The data [available here](https://aniruhil.github.io/avsr/teaching/dataviz/HR_comma_sep.csv) includes information on several current and former employees of an anonymous organization. Fields in the data-set include: 

| Variable | Description |
| :---- | :---- |
| satisfaction_level | = Level of satisfaction (numeric; 0-1) |
| last_evaluation | = Evaluation score of the employee (numeric; 0-1) |
| number_project | = Number of projects completed while at work (numeric) |
| average_monthly_hours | = Average monthly hours spent at the workplace (numeric)  |
| time_spend_company | = Number of years spent in the company (numeric) |
| Work_accident | = Whether the employee had a workplace accident (categorical; 1 = yes or 0 = no) |
| left | = Whether the employee left the workplace or not (categorical; 1 = left or 0 = stayed)  |
| promotion_last_5years | = Whether the employee was promoted in the last five years (categorical; 1 = yes or 0 = no) |
| sales | = Department in which they work (categorical) |
| salary | = Relative level of salary (categorical; low, med, and high) |

(a) Read in the csv-format data-set, naming it `hrdata` and save it in RData format as `hrdata.RData` 

(b) Create new variables that add labels to Work_accident, left, promotion_last_5years, and add these three to `hrdata`.  

(c) Now retain only employees who left the company, and had not been promoted in the last five years. Save this result as `hr01`

(d) In this `hr01` data-set, how many employees do you have per sales department? What sales department has the most number of employees? 

(e) By sales department, calculate mean and standard deviation of (i) satisfaction_level, and (ii) last_evaluation. 

(f) What department has the lowest mean satisfaction? Which department has the highest variation in satisfaction?  

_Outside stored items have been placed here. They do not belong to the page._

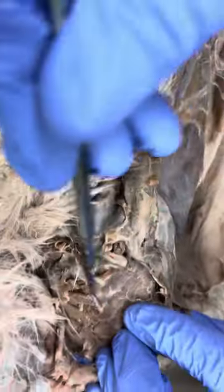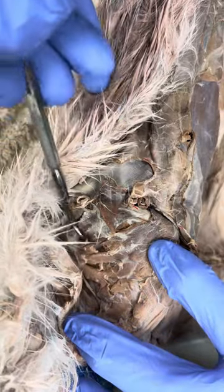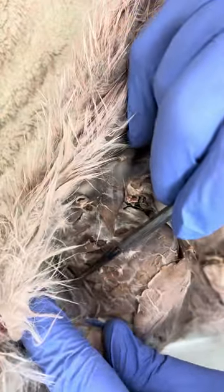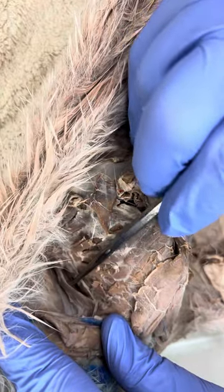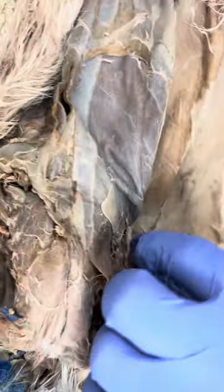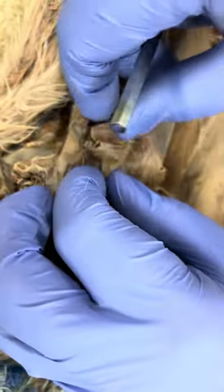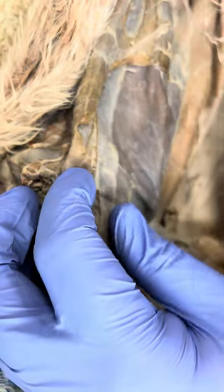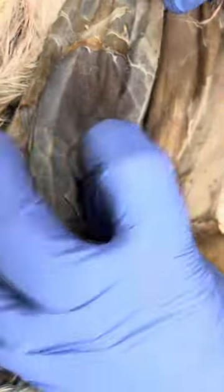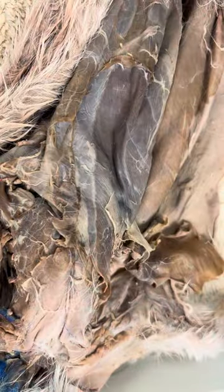So once again, we have the serratus muscles up here. Our rhomboid is going to be down in here — and again, if you can't see that very well, we'll see it more when we get to the back. Latissimus dorsi, my external oblique — which is actually kind of torn off right now — is what's covering this up. I remove that external oblique and expose the rectus abdominis, my transverse abdominis, and then my internal oblique down in here. Thank you so much for watching.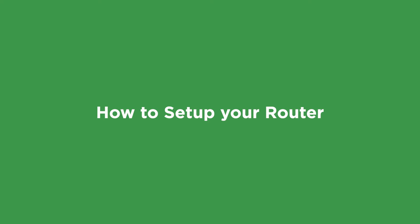Hi, I'm with Ziply Fiber, and today I'm going to show you how to set up your Ziply Fiber router using a direct Ethernet connection.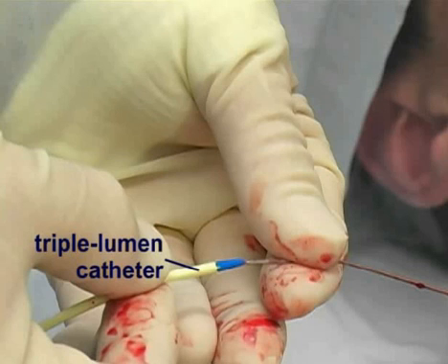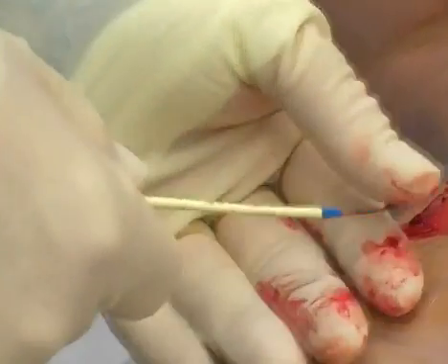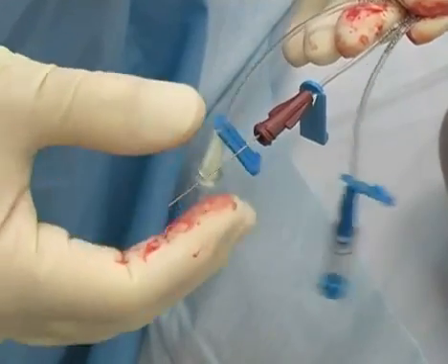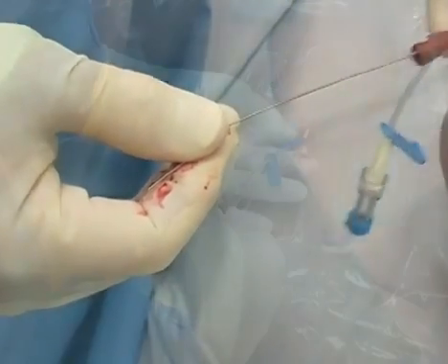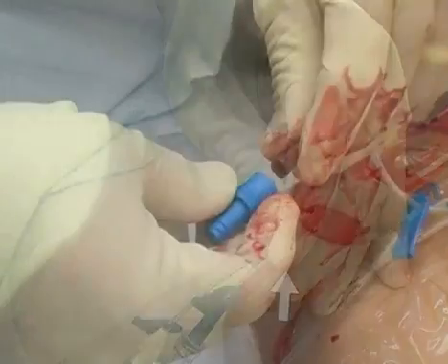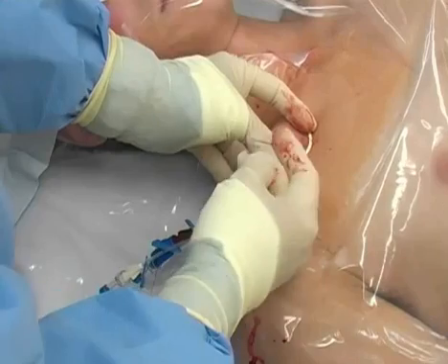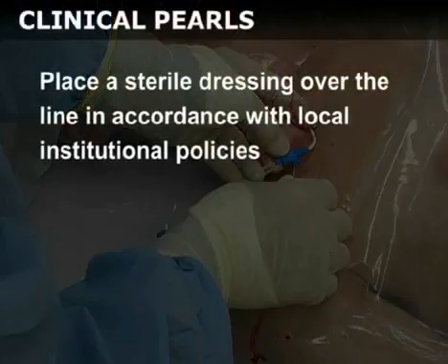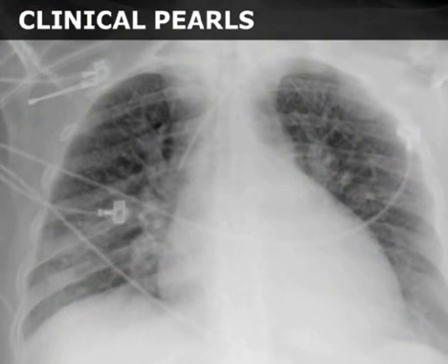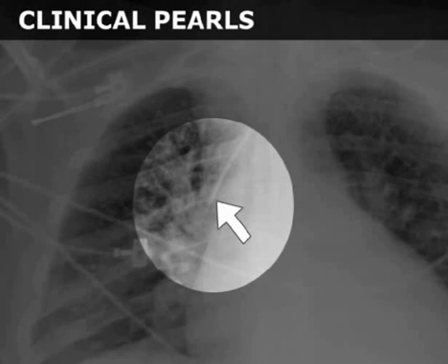Next, advance the triple lumen catheter over the guide wire. You must grasp the wire from the distal end hub before fully advancing the catheter into the vessel. Once the catheter has been placed, remove the guide wire and immediately cover the hub with your finger. Finally, place an end cap onto the open hub and flush all of the ports with saline. Secure the line in place with a stitch and place a sterile dressing over the line in accordance with local institutional policies. A chest radiograph should be obtained after all subclavian line insertions to assess for proper positioning of the catheter tip in the superior vena cava and to evaluate for iatrogenic pneumothorax.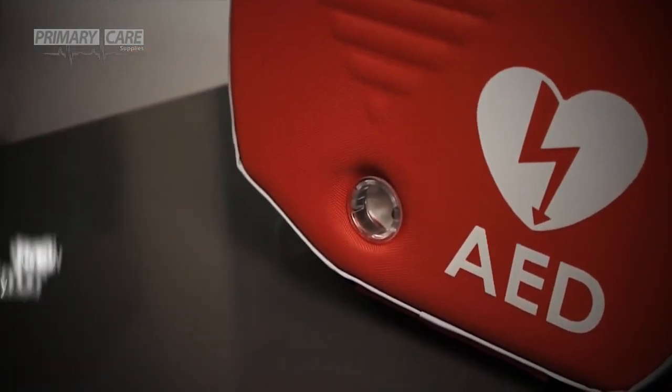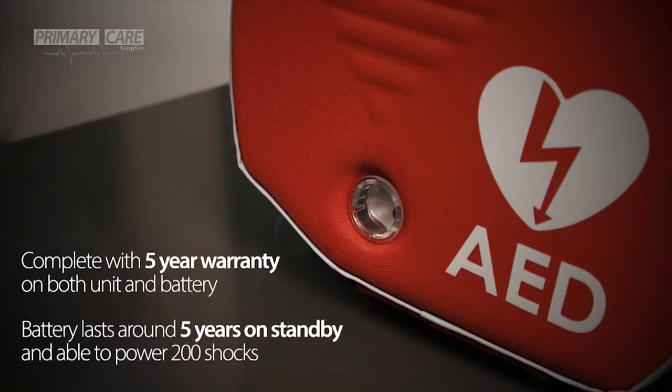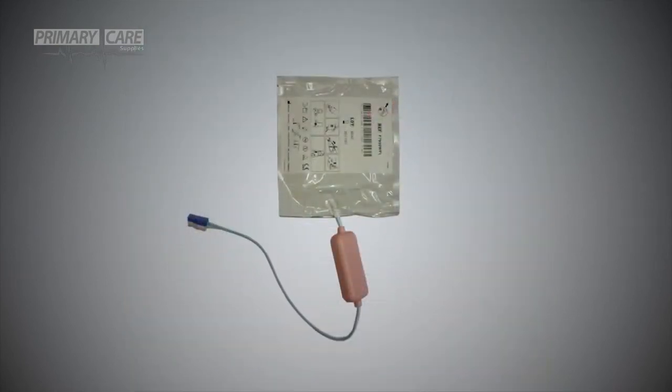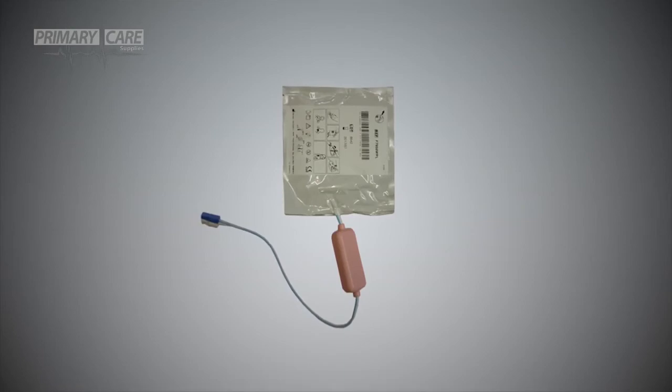The Rescue Sam, including the battery, comes with a 5-year manufacturer warranty. The battery will last around 5 years when idle and is able to power up to 200 shocks. Accessories such as the wall bracket, indoor and outdoor defibrillator cabinet, and paediatric pads for use on children under the weight of 25kg are available separately.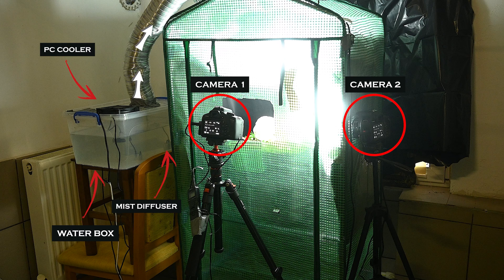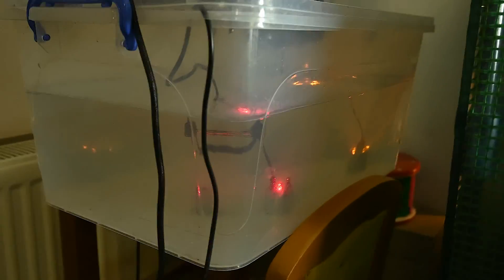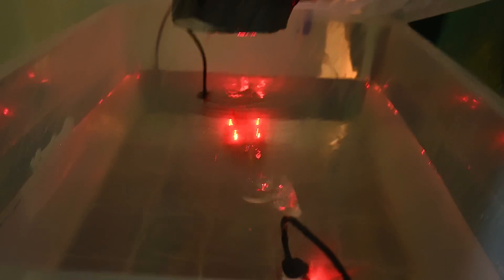The mist was pushed through the air duct inside the grow tent. The cooler and the mist makers were connected to a smart plug and they would only be switched on for one hour every three hours. This ensured a humidity between 60 and 80 percent, which is ideal for the lion's mane mushroom.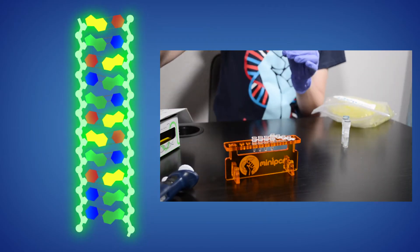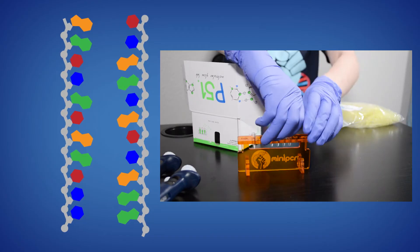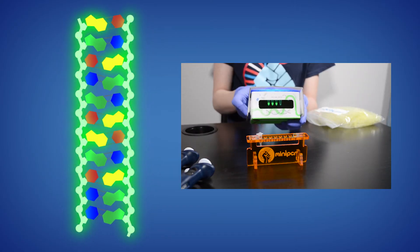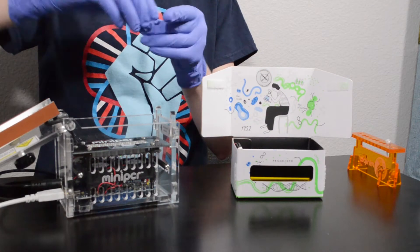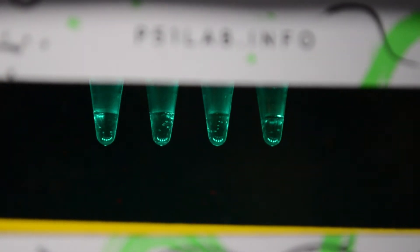In this lab, students will use a fluorescent dye that binds to DNA when it is double but not single-stranded, allowing them to explore the structure of DNA first-hand. Students will visualize changes in DNA by observing changes in fluorescence. As the conditions are modified and the two strands of DNA denature, the DNA in the tube will stop glowing.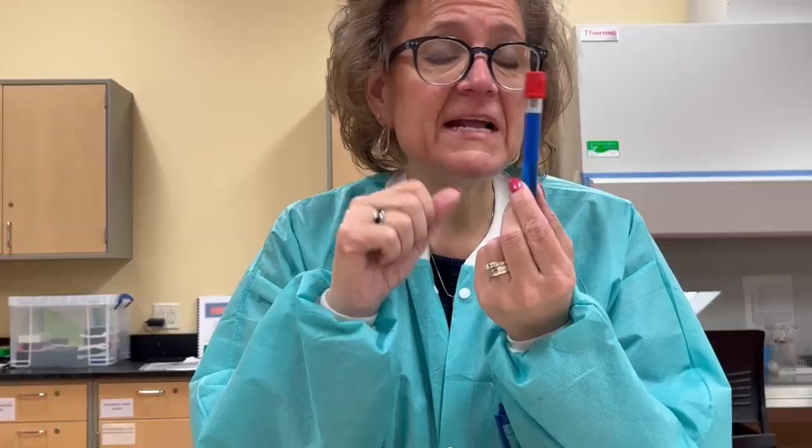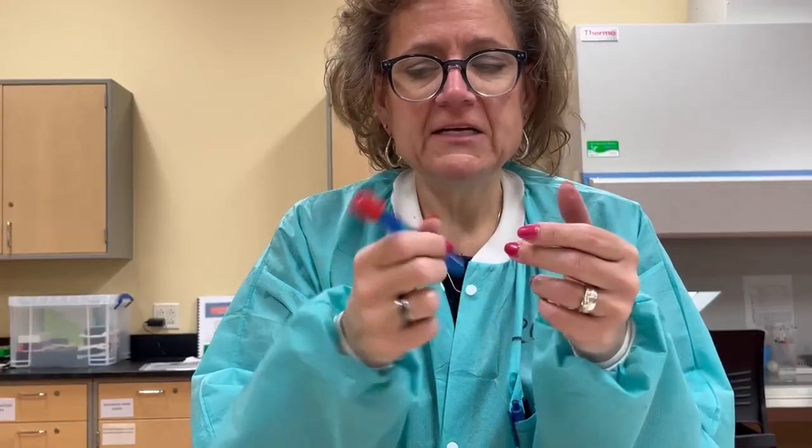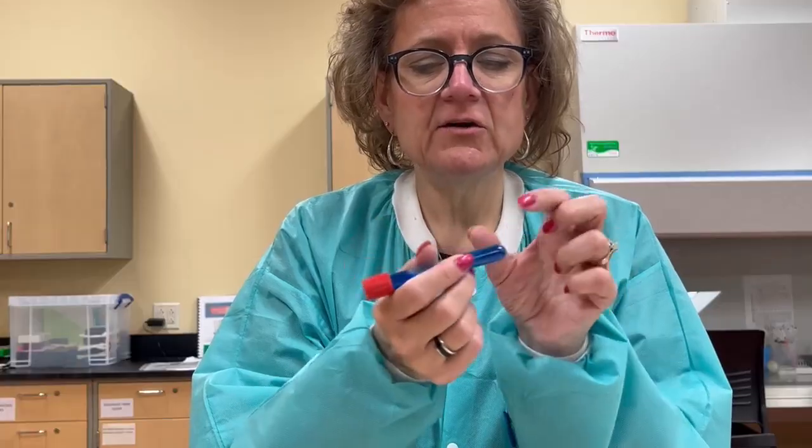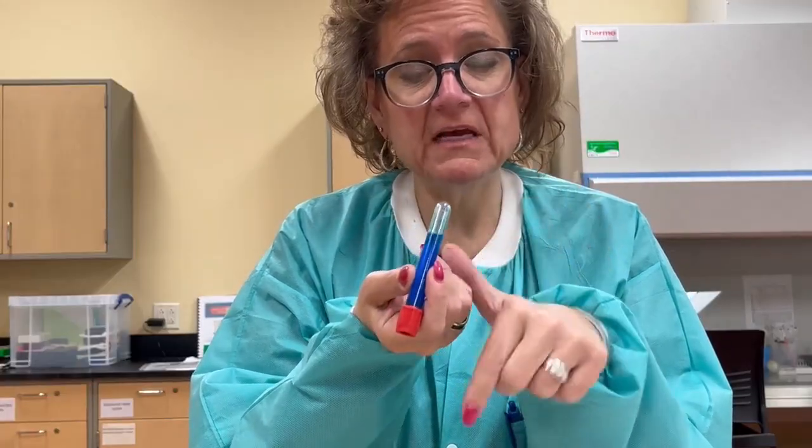You need to have five to eight complete inversions per tube. So there's one, two. If I just do this like this, you can note this much of the blood at the bottom isn't even mixing in, so it's really important to give it that time.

(g) Create a new variable that groups `average_montly_hours` into 4 groups. You can let the group cut-points be chosen automatically with `chop_evenly()`. Then show the frequencies of each group.

## Exercise 02
Thanks to the frenetic work of many individuals, the global spread of the Novel Coronavirus (COVID-19) has been tracked and the data made available for analysis. [Yanchang Zhao](https://rdatamining.wordpress.com/2020/03/10/coronavirus-data-analysis-with-r-tidyverse-and-ggplot2/) is one such individual and for this exercise we will use a spcific version of his data that I have named `cvdata.RData` is available in the `data` folder. Read it in via the `load()` command. We can then answer a few questions. Note the contents: 

+ `country =` name of the country 
+ `date =` date of incidents as recorded 
+ `confirmed =` cumulative count of the number of people who tested positive  
+ `deaths =` cumulative count of the number of people lost to Covid-19 
+ `deaths =` cumulative count of the number of people recovered  

(a) Filter the data-set so that we have only one row per country, the data from March 10, 2020 and call it `cv0310`. 

(b) How many countries have lost `at least one` person to this tragedy? "Others" should not show up as one of the countries.  

(c) What 10 countries have had the most number of confirmed cases? "Others" should not show up as one of the countries. Also ensure the result is organized in descending order of the number of confirmed cases. 

(d) Calculate the `fatality_rate`, defined for our purposes as the percent of deaths. excluding "Others", and only keeping countries that have had `at least 10` confirmed cases, arrange the result to show the top-10 countries in descending order of `fatality_rate`.  

(e) Say we only want to focus on the Baltic countries (Estonia, Latvia, and Lithuania) as a unified group and compare this group to the ASEAN nations (Brunei, Cambodia, Indonesia, Laos, Malaysia, Myanmar, Philippines, Singapore, Thailand, and Vietnam). Use `cv0310` to complete the followng tasks: 

(i) Create a new variable called `region` that only takes on two values -- "Baltic" if the country is a Baltic country and "Asean" if the country is an ASEAN country. 

(ii) Use this variable to calculate the total number of confirmed cases in each region.